1.3 Why TPE is attractive (but insufficient)

Tree-structured Parzen Estimator (TPE):

  • models parameter distributions instead of the objective function
  • naturally handles:
    • conditional parameters
    • categorical / integer variables
  • scales well to many trials
  • easy to parallelize

Limitation:

TPE is single-objective only and cannot directly handle Pareto optimization.

1.4 Goal of the paper

Design a multiobjective Bayesian optimization algorithm that:

  • handles tree-structured, mixed-type search spaces
  • works with limited evaluation budgets
  • approximates the Pareto front efficiently
  • supports asynchronous parallelization

2. Method (MOTPE)

2.1 Core idea

MOTPE extends TPE by:

  • redefining “good” vs “bad” observations using Pareto dominance
  • preserving TPE’s density-ratio optimization principle
  • replacing Expected Improvement with Expected Hypervolume Improvement

2.2 Review: TPE (single objective)

TPE models: $p(x \mid y)$

using two densities:

  • $l(x)$: density of good configurations
  • $g(x)$: density of bad configurations

Split rule (single objective):

  • good if ( y < $y^*$ ) (top γ quantile)
  • bad otherwise

Acquisition (equivalent to EI):

$$ \arg\max_x \frac{l(x)}{g(x)} $$

2.3 Key extension to multiobjective setting

Observation classification

For multiobjective outcomes $y \in \mathbb{R}^m$:

  • Good observations:
    • nondominated points
    • or points incomparable with a reference Pareto set $Y^*$
  • Bad observations:
    • points dominated by $Y^*$

This replaces scalar thresholding with Pareto-based ranking.

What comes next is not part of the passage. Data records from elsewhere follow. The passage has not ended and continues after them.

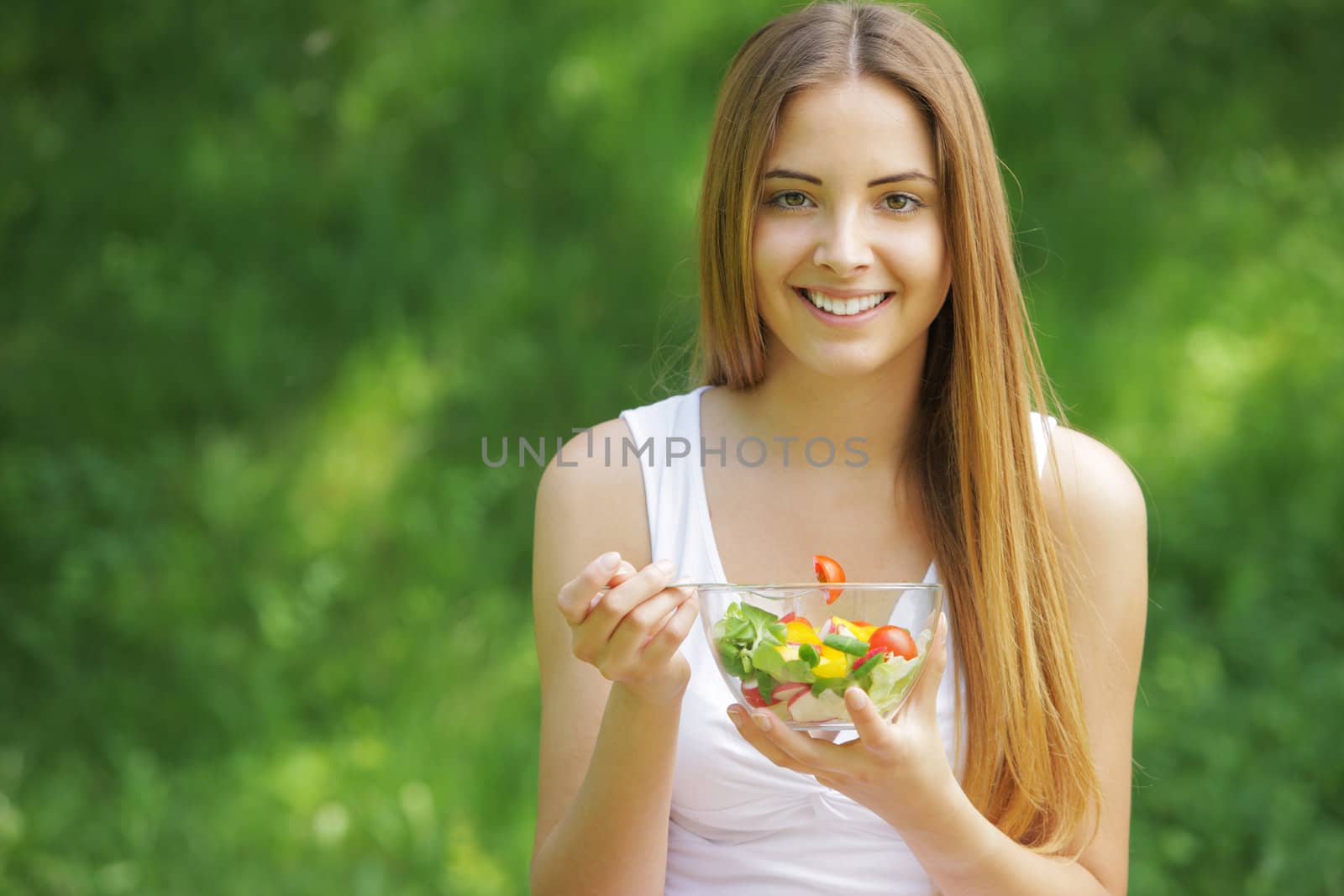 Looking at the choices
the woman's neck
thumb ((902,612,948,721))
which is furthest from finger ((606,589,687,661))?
the woman's neck

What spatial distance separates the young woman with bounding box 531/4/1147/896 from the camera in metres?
1.99

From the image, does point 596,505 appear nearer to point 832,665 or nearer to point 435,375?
point 832,665

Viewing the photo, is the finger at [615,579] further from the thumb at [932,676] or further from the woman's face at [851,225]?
the woman's face at [851,225]

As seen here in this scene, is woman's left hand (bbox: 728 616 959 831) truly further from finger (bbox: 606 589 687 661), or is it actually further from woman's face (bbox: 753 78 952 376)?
woman's face (bbox: 753 78 952 376)

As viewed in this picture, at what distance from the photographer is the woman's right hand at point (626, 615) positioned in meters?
1.62

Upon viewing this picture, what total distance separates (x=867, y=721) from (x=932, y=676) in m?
0.12

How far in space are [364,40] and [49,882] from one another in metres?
2.55

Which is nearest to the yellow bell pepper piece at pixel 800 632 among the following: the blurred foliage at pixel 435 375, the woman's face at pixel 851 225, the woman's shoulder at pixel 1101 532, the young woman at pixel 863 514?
the young woman at pixel 863 514

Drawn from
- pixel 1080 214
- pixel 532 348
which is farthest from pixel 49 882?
pixel 1080 214

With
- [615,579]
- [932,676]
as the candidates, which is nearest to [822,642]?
[932,676]

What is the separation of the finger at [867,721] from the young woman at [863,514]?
29 centimetres

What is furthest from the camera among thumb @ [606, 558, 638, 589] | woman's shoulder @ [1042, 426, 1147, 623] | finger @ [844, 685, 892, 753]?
woman's shoulder @ [1042, 426, 1147, 623]

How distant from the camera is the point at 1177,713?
11.2ft

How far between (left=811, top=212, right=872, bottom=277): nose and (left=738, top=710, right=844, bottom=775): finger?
628 mm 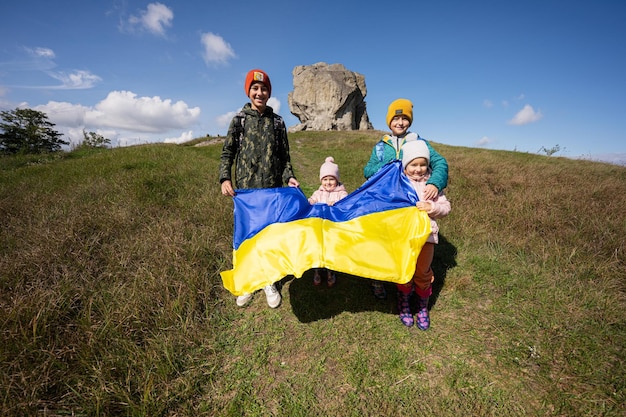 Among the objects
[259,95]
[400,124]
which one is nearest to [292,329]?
[400,124]

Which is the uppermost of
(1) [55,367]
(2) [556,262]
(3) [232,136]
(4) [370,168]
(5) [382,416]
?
(3) [232,136]

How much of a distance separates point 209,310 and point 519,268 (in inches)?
201

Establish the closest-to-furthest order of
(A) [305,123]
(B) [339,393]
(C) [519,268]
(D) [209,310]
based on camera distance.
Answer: (B) [339,393] < (D) [209,310] < (C) [519,268] < (A) [305,123]

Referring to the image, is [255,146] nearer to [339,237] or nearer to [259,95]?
[259,95]

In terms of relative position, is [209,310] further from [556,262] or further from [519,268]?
[556,262]

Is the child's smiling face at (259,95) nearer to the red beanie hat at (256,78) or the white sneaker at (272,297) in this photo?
the red beanie hat at (256,78)

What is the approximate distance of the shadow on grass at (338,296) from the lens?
11.9 feet

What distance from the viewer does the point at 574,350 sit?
2.72m

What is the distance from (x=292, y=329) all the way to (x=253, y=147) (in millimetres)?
2721

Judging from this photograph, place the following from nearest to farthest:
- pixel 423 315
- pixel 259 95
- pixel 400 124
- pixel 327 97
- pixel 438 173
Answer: pixel 438 173 < pixel 423 315 < pixel 400 124 < pixel 259 95 < pixel 327 97

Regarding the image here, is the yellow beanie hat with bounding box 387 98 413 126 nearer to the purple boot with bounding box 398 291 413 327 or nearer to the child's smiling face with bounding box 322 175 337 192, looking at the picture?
the child's smiling face with bounding box 322 175 337 192

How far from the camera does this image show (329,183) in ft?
13.4

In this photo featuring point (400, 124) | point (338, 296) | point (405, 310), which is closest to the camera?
point (405, 310)

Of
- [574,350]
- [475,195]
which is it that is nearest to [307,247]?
[574,350] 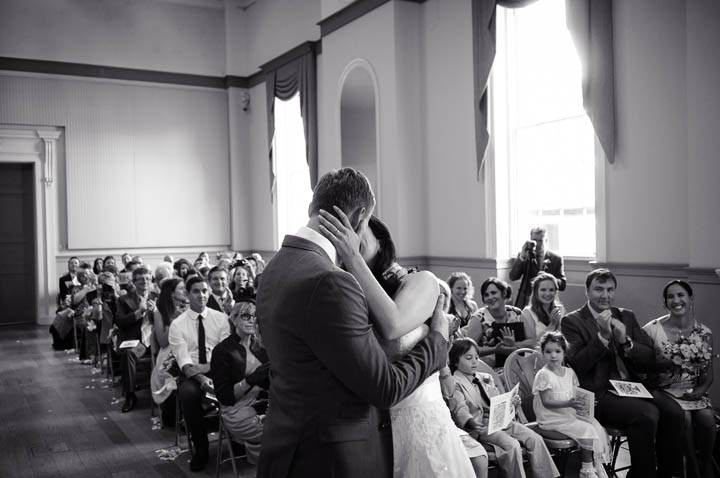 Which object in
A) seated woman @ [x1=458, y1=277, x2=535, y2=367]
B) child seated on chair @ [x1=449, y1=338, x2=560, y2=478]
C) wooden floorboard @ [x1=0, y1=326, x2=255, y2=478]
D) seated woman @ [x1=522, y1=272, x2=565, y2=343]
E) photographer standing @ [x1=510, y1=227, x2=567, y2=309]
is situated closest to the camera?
child seated on chair @ [x1=449, y1=338, x2=560, y2=478]

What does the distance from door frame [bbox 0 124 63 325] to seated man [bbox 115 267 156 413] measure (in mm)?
6070

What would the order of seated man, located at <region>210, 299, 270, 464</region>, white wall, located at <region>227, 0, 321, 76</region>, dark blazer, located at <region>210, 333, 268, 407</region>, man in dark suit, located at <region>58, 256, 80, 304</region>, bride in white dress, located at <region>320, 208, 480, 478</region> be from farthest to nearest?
1. white wall, located at <region>227, 0, 321, 76</region>
2. man in dark suit, located at <region>58, 256, 80, 304</region>
3. dark blazer, located at <region>210, 333, 268, 407</region>
4. seated man, located at <region>210, 299, 270, 464</region>
5. bride in white dress, located at <region>320, 208, 480, 478</region>

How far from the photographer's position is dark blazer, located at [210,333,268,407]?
156 inches

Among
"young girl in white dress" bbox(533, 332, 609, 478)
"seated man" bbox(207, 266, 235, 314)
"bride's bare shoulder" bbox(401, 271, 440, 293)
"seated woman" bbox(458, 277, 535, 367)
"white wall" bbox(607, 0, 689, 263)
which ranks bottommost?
"young girl in white dress" bbox(533, 332, 609, 478)

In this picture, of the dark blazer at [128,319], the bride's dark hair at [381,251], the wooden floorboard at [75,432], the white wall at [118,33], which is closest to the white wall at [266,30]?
the white wall at [118,33]

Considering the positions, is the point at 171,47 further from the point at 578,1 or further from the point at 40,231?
the point at 578,1

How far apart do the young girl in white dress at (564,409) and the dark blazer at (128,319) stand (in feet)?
12.0

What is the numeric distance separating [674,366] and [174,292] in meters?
3.64

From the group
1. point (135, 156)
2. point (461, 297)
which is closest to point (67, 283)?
point (135, 156)

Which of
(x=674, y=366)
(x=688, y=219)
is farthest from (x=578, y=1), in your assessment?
(x=674, y=366)

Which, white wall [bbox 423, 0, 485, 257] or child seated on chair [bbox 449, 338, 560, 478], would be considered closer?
child seated on chair [bbox 449, 338, 560, 478]

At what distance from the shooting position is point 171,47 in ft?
42.1

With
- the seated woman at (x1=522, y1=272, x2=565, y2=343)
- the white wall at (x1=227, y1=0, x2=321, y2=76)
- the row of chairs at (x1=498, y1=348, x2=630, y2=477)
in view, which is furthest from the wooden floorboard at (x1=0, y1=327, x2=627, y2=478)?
the white wall at (x1=227, y1=0, x2=321, y2=76)

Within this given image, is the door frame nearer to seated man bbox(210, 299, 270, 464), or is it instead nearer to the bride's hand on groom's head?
seated man bbox(210, 299, 270, 464) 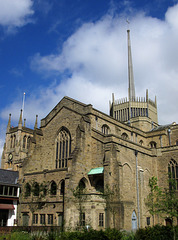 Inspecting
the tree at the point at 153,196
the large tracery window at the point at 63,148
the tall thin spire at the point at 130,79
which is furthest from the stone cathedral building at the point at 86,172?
the tall thin spire at the point at 130,79

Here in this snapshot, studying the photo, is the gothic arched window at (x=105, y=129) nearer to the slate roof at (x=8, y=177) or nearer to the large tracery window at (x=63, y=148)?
the large tracery window at (x=63, y=148)

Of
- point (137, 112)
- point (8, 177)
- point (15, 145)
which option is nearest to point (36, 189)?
point (8, 177)

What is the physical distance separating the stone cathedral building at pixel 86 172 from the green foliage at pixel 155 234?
7.86m

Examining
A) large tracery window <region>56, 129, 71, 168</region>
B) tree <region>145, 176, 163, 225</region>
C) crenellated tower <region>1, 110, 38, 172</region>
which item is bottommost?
tree <region>145, 176, 163, 225</region>

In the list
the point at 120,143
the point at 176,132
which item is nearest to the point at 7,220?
the point at 120,143

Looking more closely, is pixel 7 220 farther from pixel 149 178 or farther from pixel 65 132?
pixel 149 178

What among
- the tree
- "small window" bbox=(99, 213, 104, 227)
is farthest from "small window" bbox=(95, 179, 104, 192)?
the tree

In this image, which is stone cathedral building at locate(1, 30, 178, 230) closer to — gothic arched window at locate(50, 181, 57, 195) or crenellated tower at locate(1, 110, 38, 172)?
gothic arched window at locate(50, 181, 57, 195)

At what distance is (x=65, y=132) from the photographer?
4159 centimetres

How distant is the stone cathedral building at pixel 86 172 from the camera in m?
31.7

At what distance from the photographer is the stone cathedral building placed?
3167 centimetres

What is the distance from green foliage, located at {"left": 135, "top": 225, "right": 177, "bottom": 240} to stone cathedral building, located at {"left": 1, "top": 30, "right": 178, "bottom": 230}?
309 inches

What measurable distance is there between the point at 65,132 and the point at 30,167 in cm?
735

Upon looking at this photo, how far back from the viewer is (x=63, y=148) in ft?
134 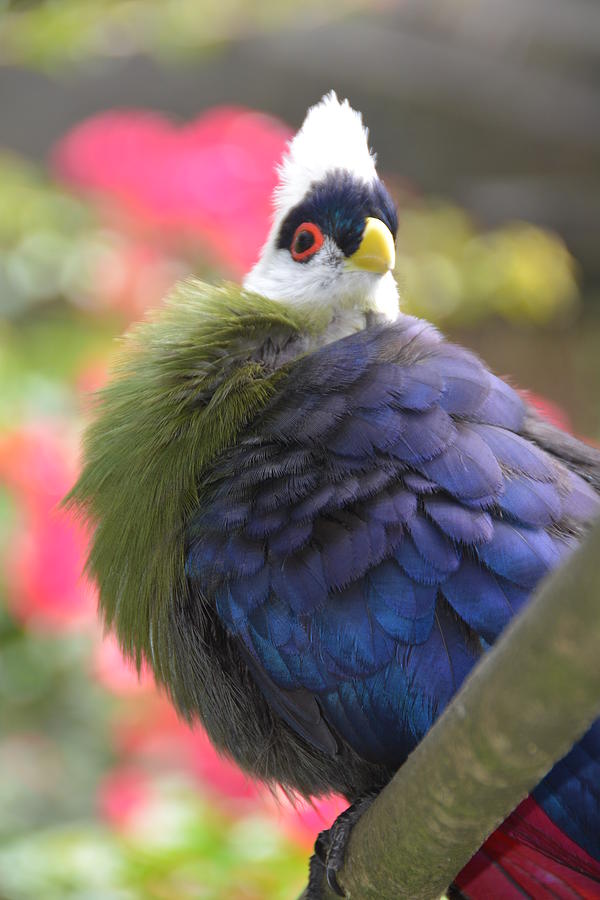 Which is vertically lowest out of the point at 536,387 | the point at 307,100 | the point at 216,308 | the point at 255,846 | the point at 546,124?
the point at 255,846

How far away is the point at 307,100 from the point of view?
15.8ft

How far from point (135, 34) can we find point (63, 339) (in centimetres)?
97

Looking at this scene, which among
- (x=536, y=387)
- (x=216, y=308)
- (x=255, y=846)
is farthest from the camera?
(x=536, y=387)

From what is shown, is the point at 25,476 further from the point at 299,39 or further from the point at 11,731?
the point at 299,39

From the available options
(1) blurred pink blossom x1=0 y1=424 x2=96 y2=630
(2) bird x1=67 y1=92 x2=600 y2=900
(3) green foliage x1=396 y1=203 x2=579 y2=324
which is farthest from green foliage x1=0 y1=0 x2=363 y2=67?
(2) bird x1=67 y1=92 x2=600 y2=900

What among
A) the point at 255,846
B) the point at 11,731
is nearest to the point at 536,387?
the point at 11,731

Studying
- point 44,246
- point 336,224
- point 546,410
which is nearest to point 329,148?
point 336,224

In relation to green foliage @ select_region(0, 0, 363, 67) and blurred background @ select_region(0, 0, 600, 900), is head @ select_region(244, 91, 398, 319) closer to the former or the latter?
blurred background @ select_region(0, 0, 600, 900)

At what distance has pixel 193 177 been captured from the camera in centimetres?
290

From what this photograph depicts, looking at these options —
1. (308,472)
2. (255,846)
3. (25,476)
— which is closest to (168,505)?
(308,472)

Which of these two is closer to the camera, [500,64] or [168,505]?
[168,505]

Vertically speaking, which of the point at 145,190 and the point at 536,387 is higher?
the point at 536,387

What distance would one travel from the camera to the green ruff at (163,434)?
1.31 metres

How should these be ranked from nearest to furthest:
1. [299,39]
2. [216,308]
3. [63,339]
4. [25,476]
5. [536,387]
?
[216,308], [25,476], [63,339], [299,39], [536,387] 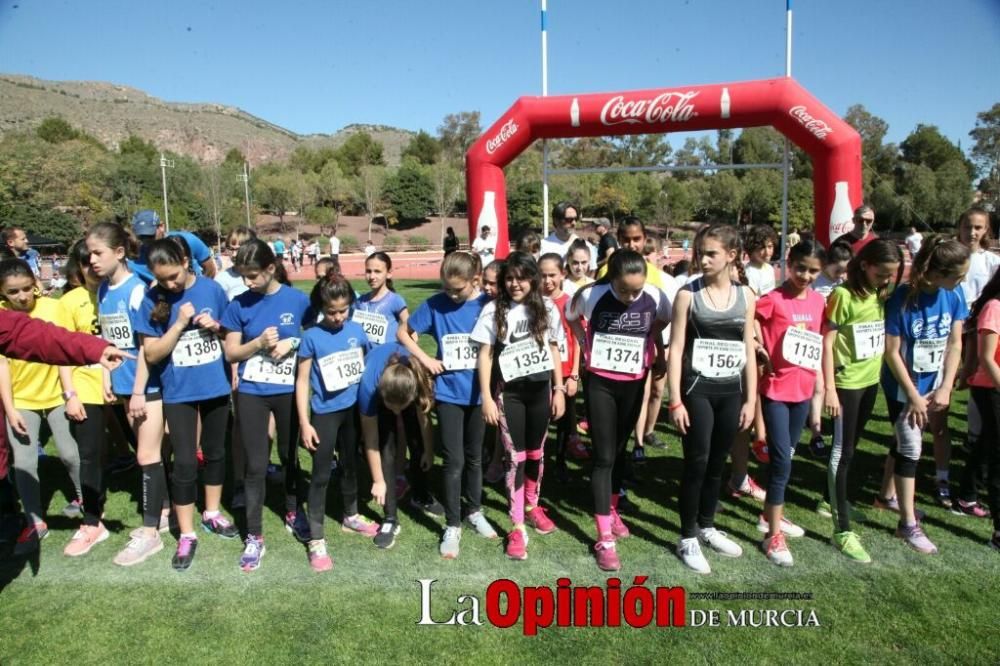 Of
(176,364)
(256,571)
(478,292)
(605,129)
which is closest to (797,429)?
(478,292)

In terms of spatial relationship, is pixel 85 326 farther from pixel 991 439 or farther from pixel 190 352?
pixel 991 439

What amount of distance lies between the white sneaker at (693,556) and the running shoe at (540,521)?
Answer: 774 millimetres

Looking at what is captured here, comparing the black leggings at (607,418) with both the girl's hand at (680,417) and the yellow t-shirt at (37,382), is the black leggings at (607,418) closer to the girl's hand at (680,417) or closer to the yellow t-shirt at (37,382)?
the girl's hand at (680,417)

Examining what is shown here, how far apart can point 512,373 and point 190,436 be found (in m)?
1.82

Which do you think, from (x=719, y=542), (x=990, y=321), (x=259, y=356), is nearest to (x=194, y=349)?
(x=259, y=356)

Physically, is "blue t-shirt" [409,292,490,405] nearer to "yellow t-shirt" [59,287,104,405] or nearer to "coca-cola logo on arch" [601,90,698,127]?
"yellow t-shirt" [59,287,104,405]

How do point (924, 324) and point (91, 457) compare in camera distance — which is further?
point (91, 457)

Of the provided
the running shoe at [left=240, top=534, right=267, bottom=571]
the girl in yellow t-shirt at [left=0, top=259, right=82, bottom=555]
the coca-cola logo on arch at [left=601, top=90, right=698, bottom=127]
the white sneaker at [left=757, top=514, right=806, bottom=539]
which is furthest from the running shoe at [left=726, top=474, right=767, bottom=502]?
the coca-cola logo on arch at [left=601, top=90, right=698, bottom=127]

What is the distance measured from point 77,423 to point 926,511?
529 cm

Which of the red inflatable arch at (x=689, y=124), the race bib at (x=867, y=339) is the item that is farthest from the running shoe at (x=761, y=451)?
the red inflatable arch at (x=689, y=124)

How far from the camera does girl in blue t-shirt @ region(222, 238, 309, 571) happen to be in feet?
11.0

2.4 Defining the “good” set

Procedure:

  1. Perform nondominated sorting
  2. Add Pareto fronts greedily until reaching γ proportion
  3. If a front overflows:
    • select points maximizing hypervolume contribution

This ensures quality (near Pareto front) and diversity (spread along front).

2.5 Density modeling

For each parameter $x_i$, construct:

  • $l(x_i)$ from good observations
  • $g(x_i)$ from bad observations

Density estimation:

  • Parzen estimators
  • Gaussian kernels (real/integer)
  • histograms (categorical)

Important difference from TPE:

  • good samples are weighted by hypervolume contribution
  • bad samples use uniform weight

2.6 Acquisition function (key result)

MOTPE uses Expected Hypervolume Improvement (EHVI).

The paper shows:

$$ \text{EHVI}(x_i) \propto \left(\gamma + (1-\gamma)\frac{g(x_i)}{l(x_i)}\right)^{-1} $$

Therefore:

$$ \arg\max_{x_i} \text{EHVI}(x_i) \Longleftrightarrow \arg\max_{x_i} \frac{l(x_i)}{g(x_i)} $$

✅ Same optimization rule as TPE

✅ No explicit modeling of $p(y \mid x)$ needed

2.7 Sampling procedure

  • sample each parameter independently
  • traverse the tree-structured space
  • sample candidates from $l(x_i)$
  • select those with highest $l/g$ ratio
  • evaluate full configuration

2.8 Parallelization

MOTPE supports asynchronous parallel execution:

  • no batch synchronization
  • unfinished evaluations ignored
  • new candidates sampled stochastically

Result:

  • large wall-clock speedups
  • small loss in sample efficiency
  • very practical for real systems

One-line takeaway

MOTPE extends TPE to multiobjective optimization by replacing scalar “good/bad” splits with Pareto-based splits and using hypervolume-aware density modeling—while keeping the same simple $l(x)/g(x)$ decision rule.